Exclusion criteria: (1) Systemic infection, acute cardiovascular events, malignancy, surgery or trauma 1 month prior to inclusion in the study; (2) Mental diseases, mood disorder, long-term administration of mental disease drug, epilepsy, and dementia patients; (3) metabolic encephalopathy; (4) Non-atherogenic vascular disease (e.g., arteritis) history.
The basic information of 117 end stage renal patients is shown in Table 1:
TABLE 1
2. Experimental method
1) The experimental sample extraction principle is that repeated 2000 random samplings are used to divide the experimental sample extraction principle into 2 groups of samples, wherein each group accounts for 50%, and 58 samples of the test set and 59 samples of the verification set are finally obtained.
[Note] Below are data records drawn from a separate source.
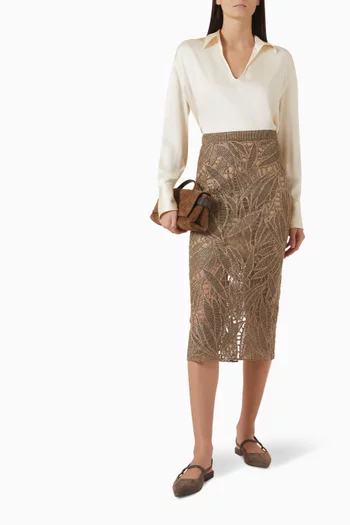 V-neck Top in Silk-satin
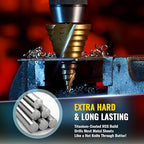 ZELCAN Large HSS Spiral Groove Step Drill Bit, 12 Sizes Titanium High Speed Steel 1/4" to 2-3/8" Drill Bit for Sheet Aluminium Metal Wood Hole Drilling, Big Multiple Hole Stepped Up Bit for DIY Lovers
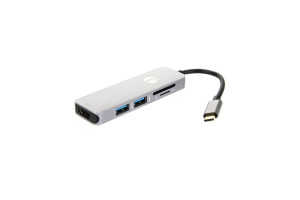 16211349 Кабель-адаптер USB3.1 Type-C /M - HDMI+2*USB 3.0+TF+SD docking space, Aluminum Shell CU430M VCOM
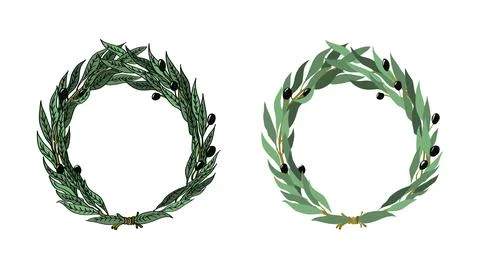 Olive wreath in vector - colorful vector drawing Stock Illustration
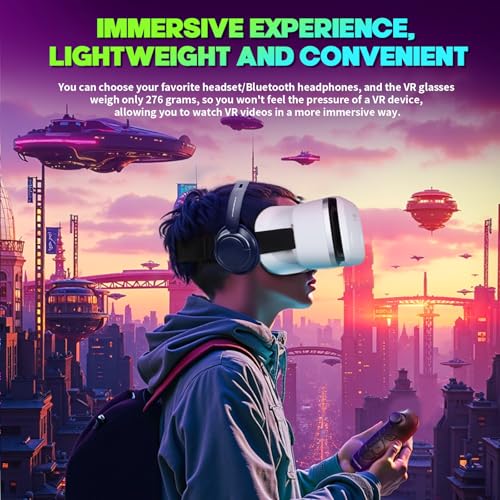 VR Headset with Bluetooth Controller, Aspheric HD Lens, Adjustable Focus & IPD K3354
2) Control base model composition: new-onset cardio-cerebrovascular events ' -age+Gender+ ' DIALYSIS VINTAGE ' (i.e. "New cardiovascular and cerebrovascular events" -age+sex+ "dialysis year")
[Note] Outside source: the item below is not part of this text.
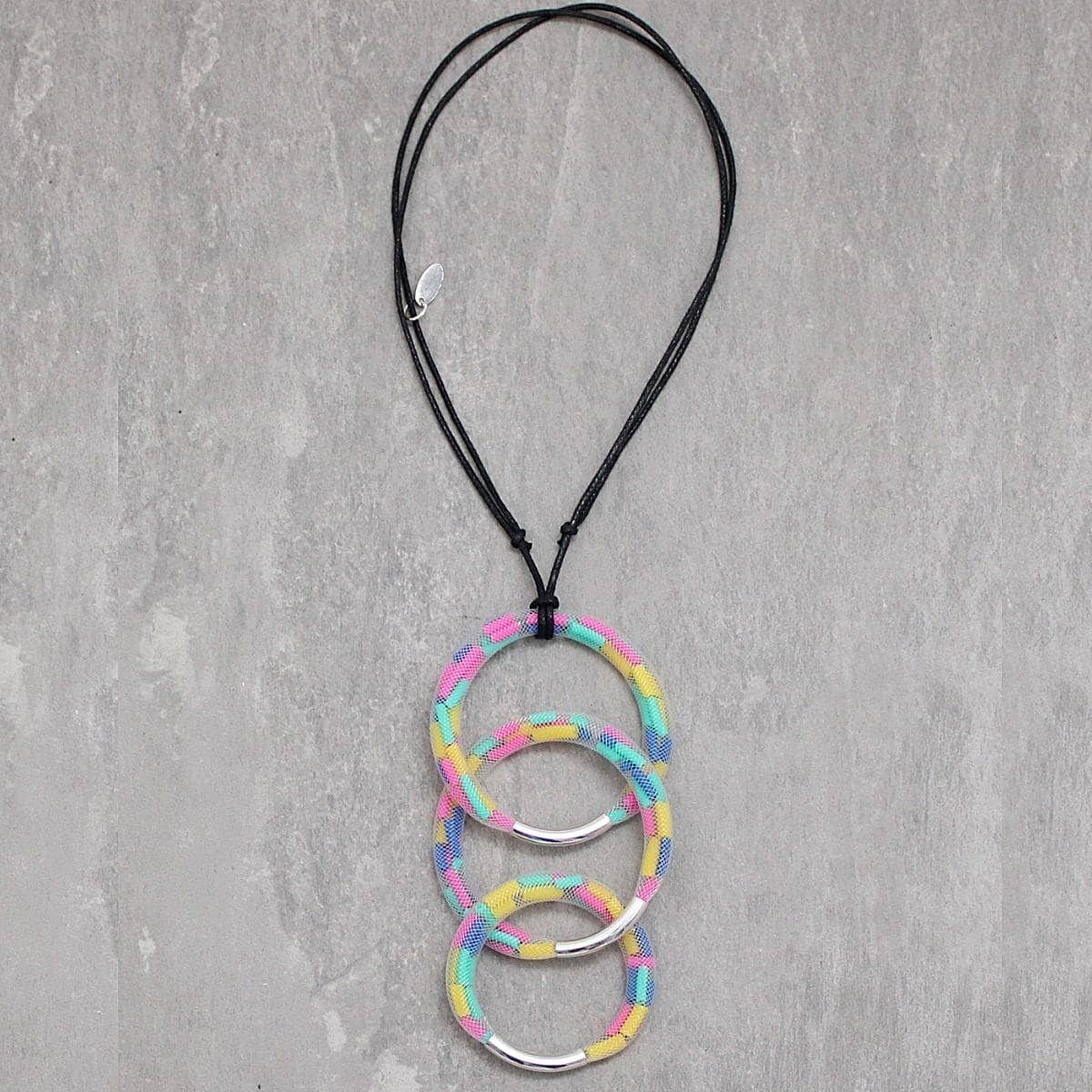 White Mesh Confetti Pendant Necklace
Experimental lipid model composition :`New-onset cardio-cerebrovascular events`~Age+Gender+`Dialysis vintage`+`PC42:6`+`PC42:7`+`SM d18:1/14:0`( namely "New cardiovascular and cerebrovascular event" -age+sex+ "dialysis year" + "PC42:6" + "PC42:7" + "SM d18:1/14:0")
3) Blood lipidomic method
Lipids were extracted from blood samples using the modified Bligh/dyr extraction method (two extractions), i.e. blood samples were supplemented with 750 μl of chloroform: methanol (1:2) (v/v) followed by incubation at 1500rpm for 30min at 4 ℃. After the incubation was completed, phase separation was induced by adding 350 μl deionized water and 250 μl chloroform. The lipid-containing lower organic phase was extracted into clean tubes. The lipid extraction was repeated once, 450 μl of chloroform was added to the remaining aqueous phase, the lipid extracts were pooled in a single tube and dried in OH mode in SpeedVac. The samples were stored at-80℃for further analysis.
The samples were reconstituted in an isotope mix and all analyses were performed in electrospray ionization (ESI) mode using a Exion UPLC-QTRAP 6500Plus (Sciex) liquid chromatography-mass spectrometer under the following conditions: curtaingas= 20,ion spray voltage =5500 v, temperature=400 ℃, and ion source gas 1= 35,ion source gas 2 =35.
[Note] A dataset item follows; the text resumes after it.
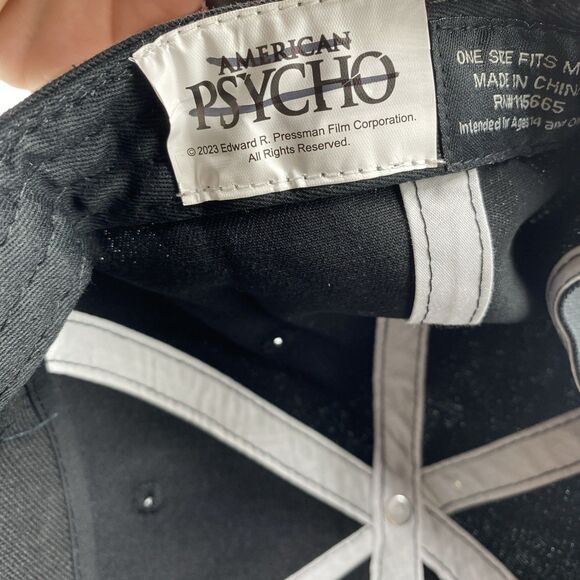 American Psycho Hat Adult OSFM Snapback Black Adjustable Horror Movie NWOT - Picture 8 of 9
Using Phenomenex Luna silica μm (inner diameter 150x2.0 mm) chromatography column, the various polar lipids were separated under the following conditions: mobile phase a (chloroform: methanol: ammonia 89.5:10:0.5) and mobile phase B (chloroform: methanol: ammonia 55:39:0.5:5.5) were mixed with water. The mobile phase a gradient was held for 5min starting at 95% and then linearly decreasing to 60% and holding for 4min in 7min, then mobile phase a was further decreased to 30% and holding for 15min. Finally, the initial gradient was maintained for 5min. Mass spectrometry multi-reaction monitoring (multiple reaction monitoring, MRM) was established for various lipid identification and quantitative analysis. The quantification of the lipid material was performed by means of an added internal standard.
4) Differential expression analysis
And carrying out differential expression analysis on the test set and the verification set according to the detection result of the blood lipidomic of the biomarker to obtain the respective model regression coefficients of the test set and the verification set.
5) Diagnostic efficacy analysis
Drawing a working curve (ROC) of a subject by adopting an R package 'pROC', and analyzing the AUC values of the biomarker obtained by screening in a test set and a verification set to judge whether the biomarker has diagnosis efficacy on end-stage renal disease combined with cardiovascular and cerebrovascular diseases.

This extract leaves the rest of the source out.